Your output should be the lines below from the one with "Your information is" through the one with "Some disadvantages of", copied exactly, pictures excluded.

------ Records for processing ------

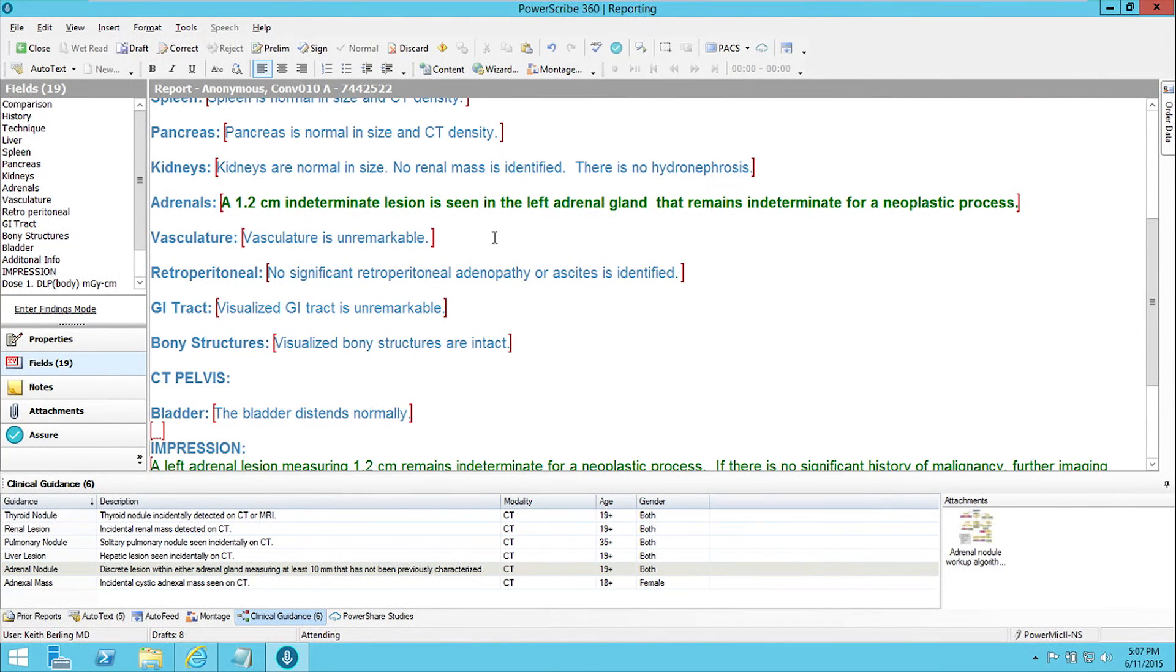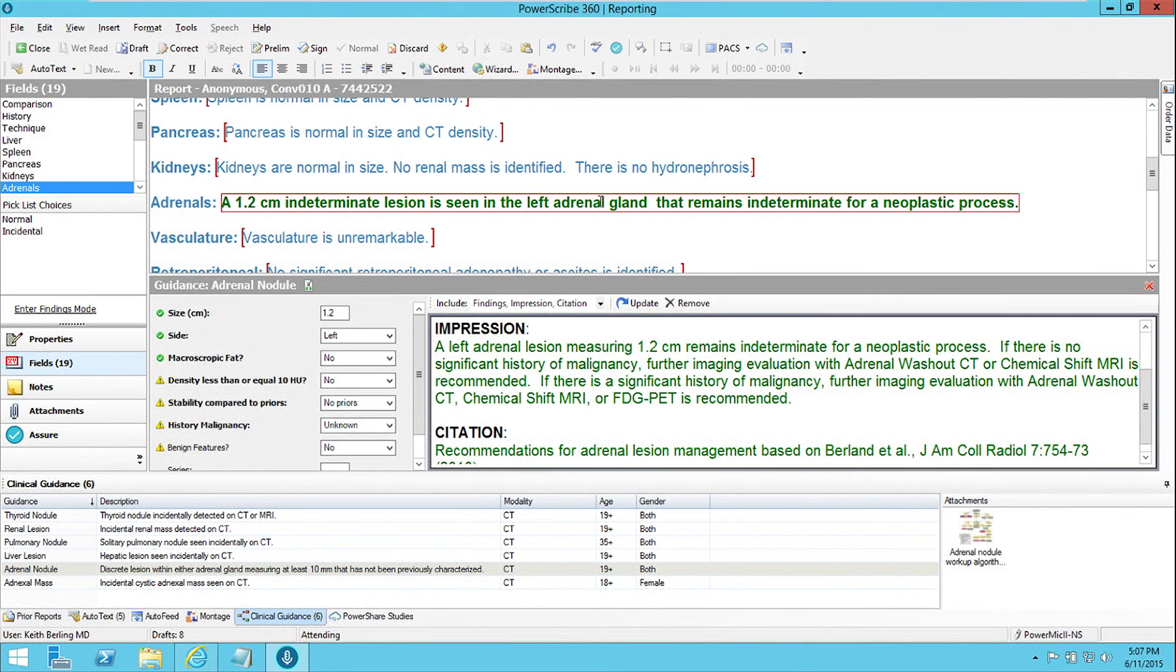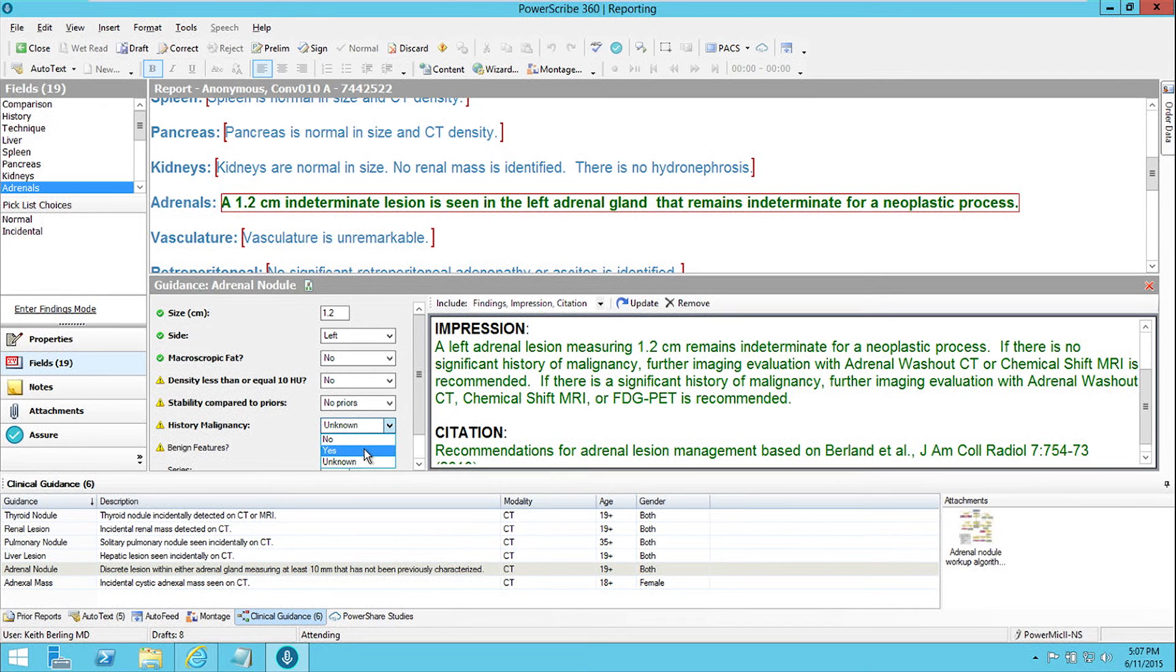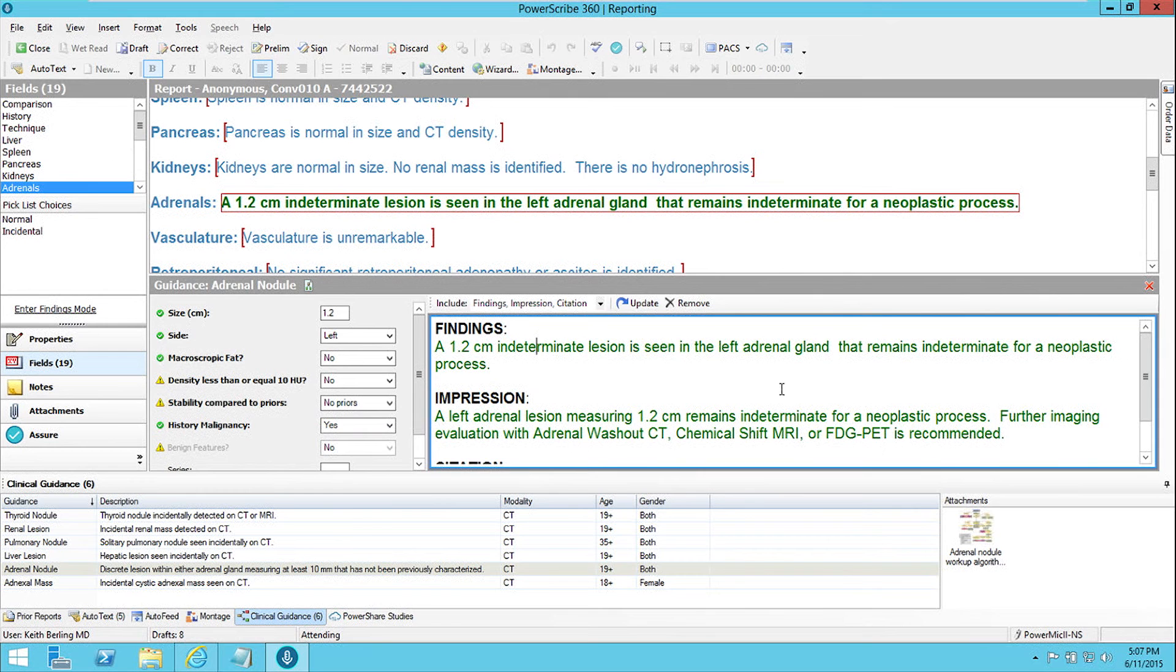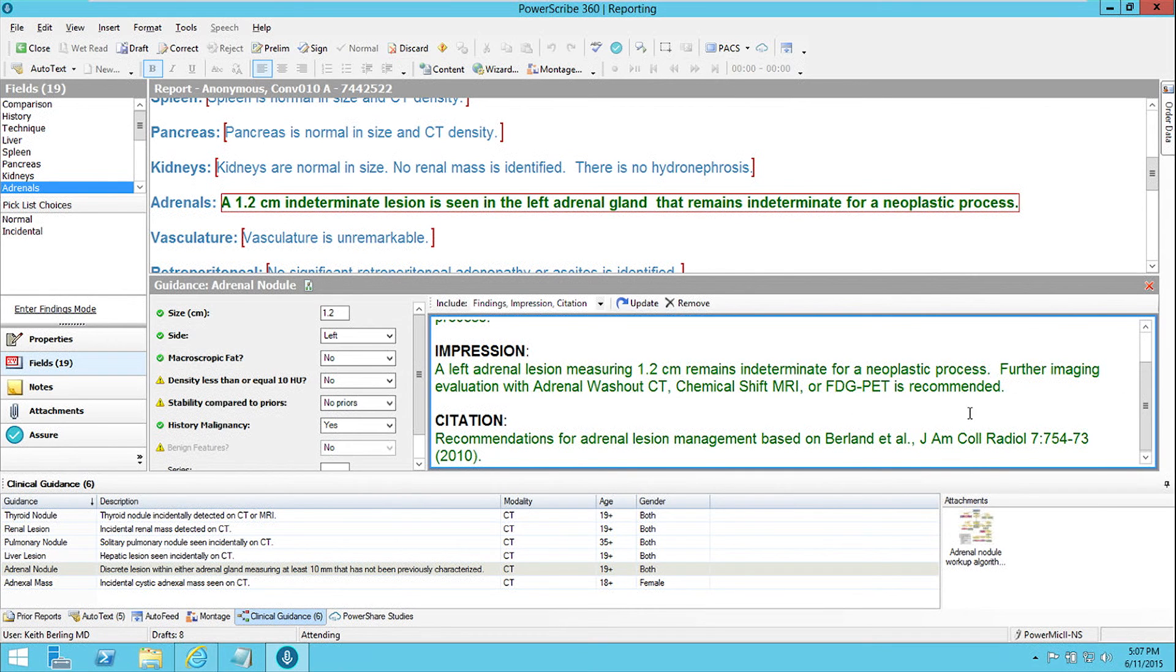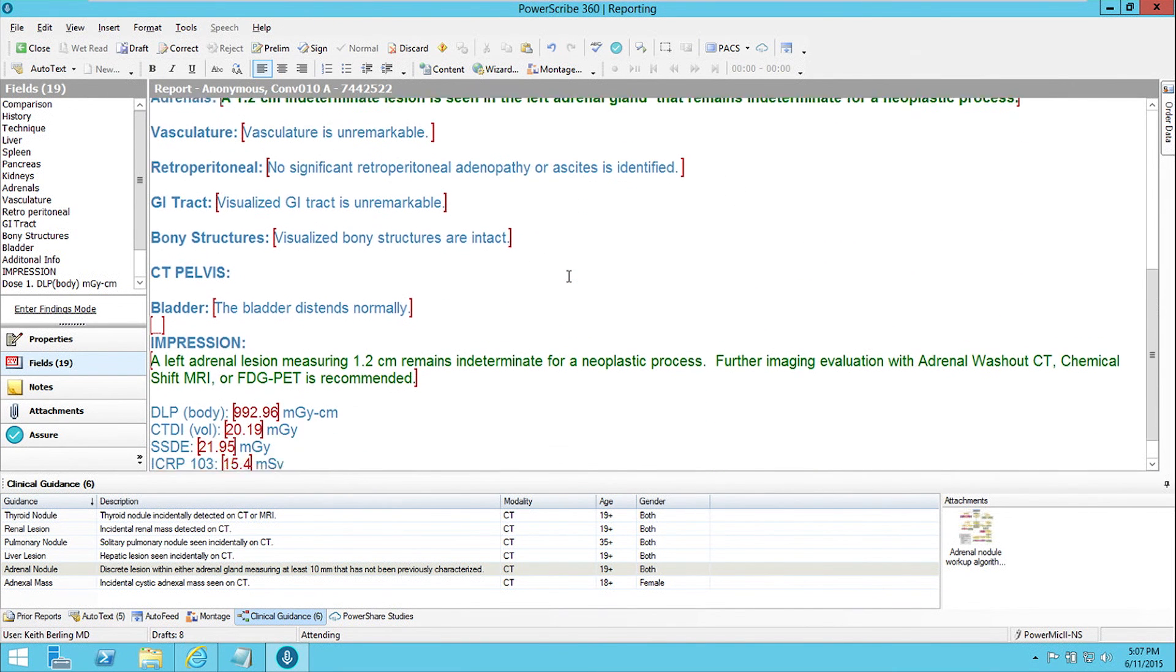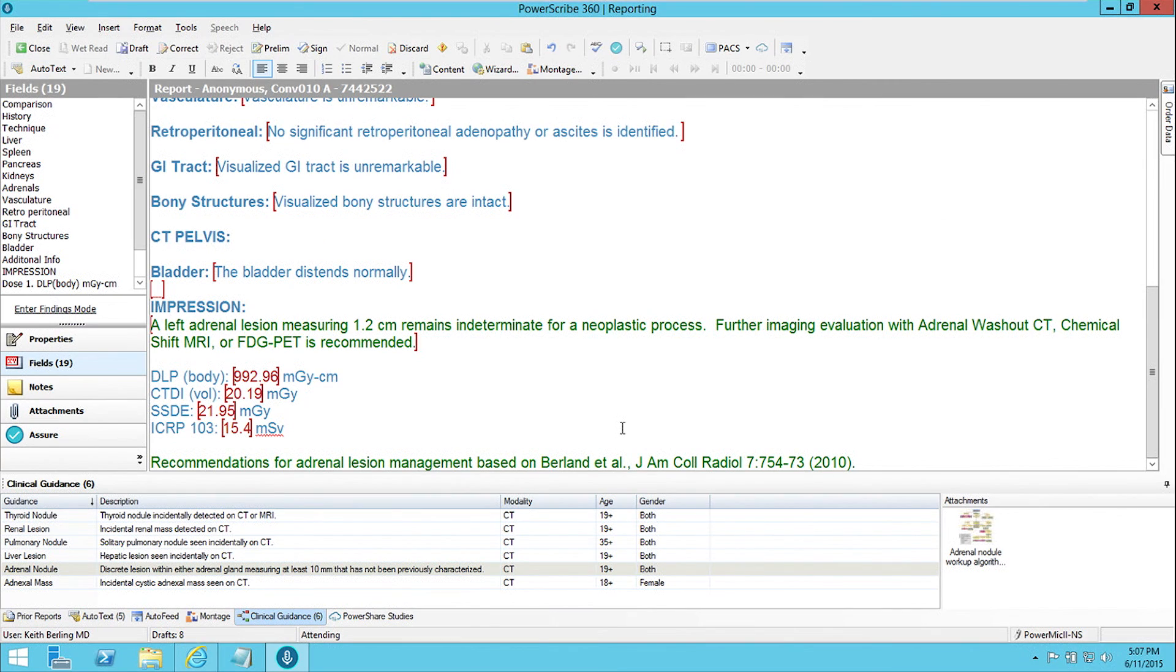And if I need to make a change to it, for example, I get more information about the lesion or about the patient, I just click on the description of the text, and I can go and say, oh, actually this patient has a history of malignancy that we know about. And so I click yes on the history of malignancy, and it updates all of the text so that it says that further imaging evaluation with adrenal washout CT, MRI, or FDG PET is recommended. And then I click update, and it makes the changes to all of the inserted text that it had made and keeps it all consistent with one another.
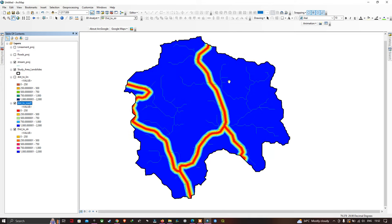You can now visualize our distance to lineament, distance to road, and distance to stream prepared using the Euclidean Distance tool in ArcGIS. In this video I've shown you how to prepare distance to road, distance to lineament, and distance to stream using the Euclidean Distance tool in ArcGIS. Thanks for watching — please subscribe to our channel and give us a like.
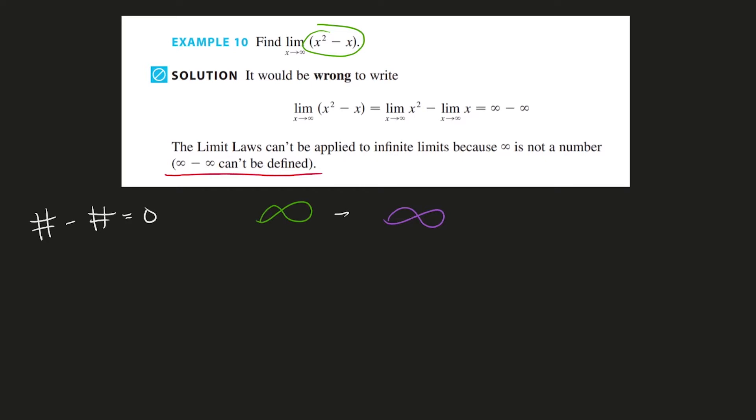So the book should have said, alright, x squared and x are increasing forever, that's what infinity is, but at different rates, at different speeds. With every increase in x, x squared is going to get bigger than the x is.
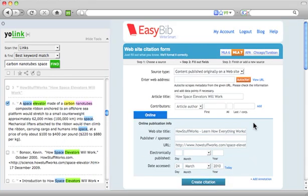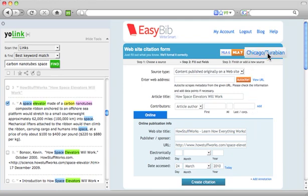Your information is instantly populated for MLA style. You can also use APA or Chicago.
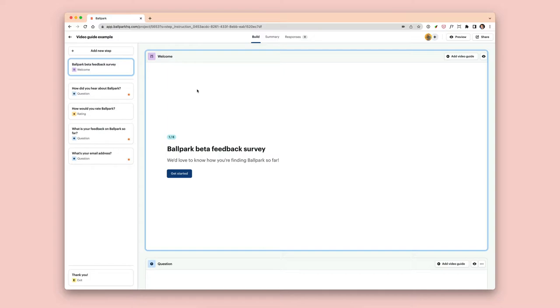Video guides can be added to any step of your survey or task and it's as simple as clicking a button on the step itself.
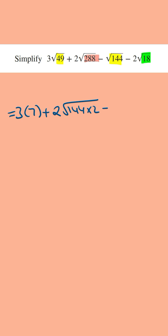And then we've got minus the square root of 144, this is equal to 12. And then we've got minus 2 times, and we're going to write 18 as the square root of 9 times 2, where 9 is the biggest square factor.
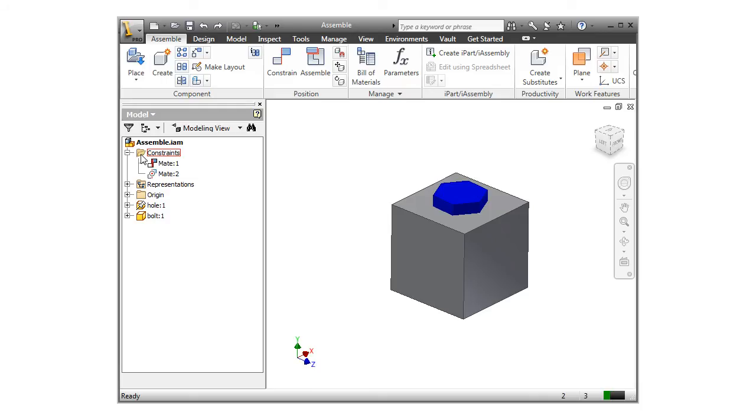The insert constraint sort of kills two birds with one stone by aligning the cylindrical axes and the end faces of the parts.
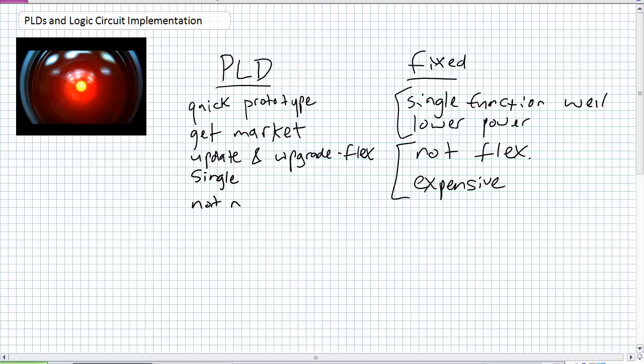Some disadvantages of PLDs: they're not necessarily low power unless specifically designed for it, like Micro Semi's Igloo Nano, which is super tiny and super low power. Also, whereas fixed function devices are permanently programmed, PLDs are sometimes volatile — if you power it off and back up, the program is gone. You sometimes need external devices to reload the program.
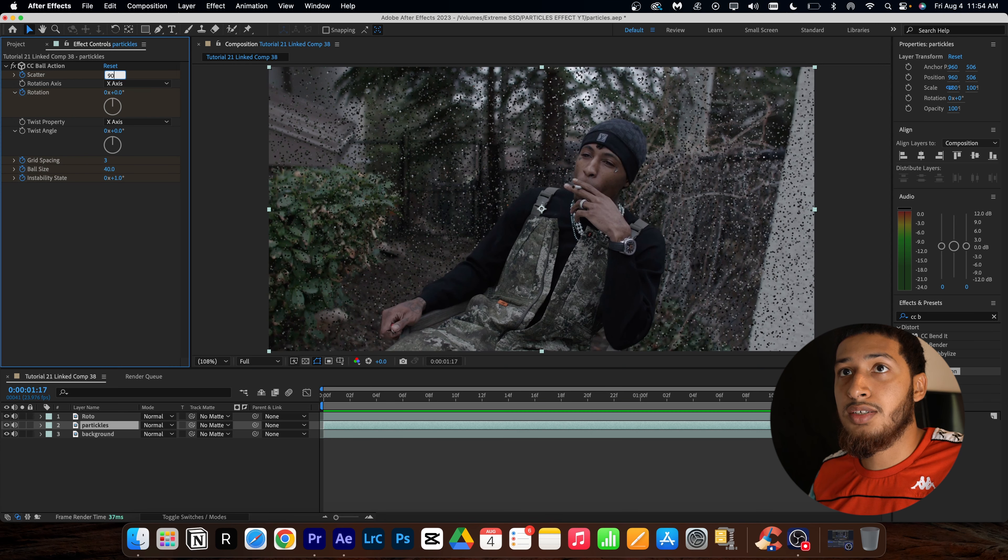Now you should come up with an effect that looks like this. If you guys did want the effect going in a different direction, I do recommend you guys playing around with the rotation as well as scatter and even the ball size.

------

--- Final answer ---
Your information is instantly populated for MLA style. You can also use APA or Chicago.
Video guides can be added to any step of your survey or task and it's as simple as clicking a button on the step itself.
And then we've got minus the square root of 144, this is equal to 12. And then we've got minus 2 times, and we're going to write 18 as the square root of 9 times 2, where 9 is the biggest square factor.
The insert constraint sort of kills two birds with one stone by aligning the cylindrical axes and the end faces of the parts.
Some disadvantages of PLDs: they're not necessarily low power unless specifically designed for it, like Micro Semi's Igloo Nano, which is super tiny and super low power. Also, whereas fixed function devices are permanently programmed, PLDs are sometimes volatile — if you power it off and back up, the program is gone. You sometimes need external devices to reload the program.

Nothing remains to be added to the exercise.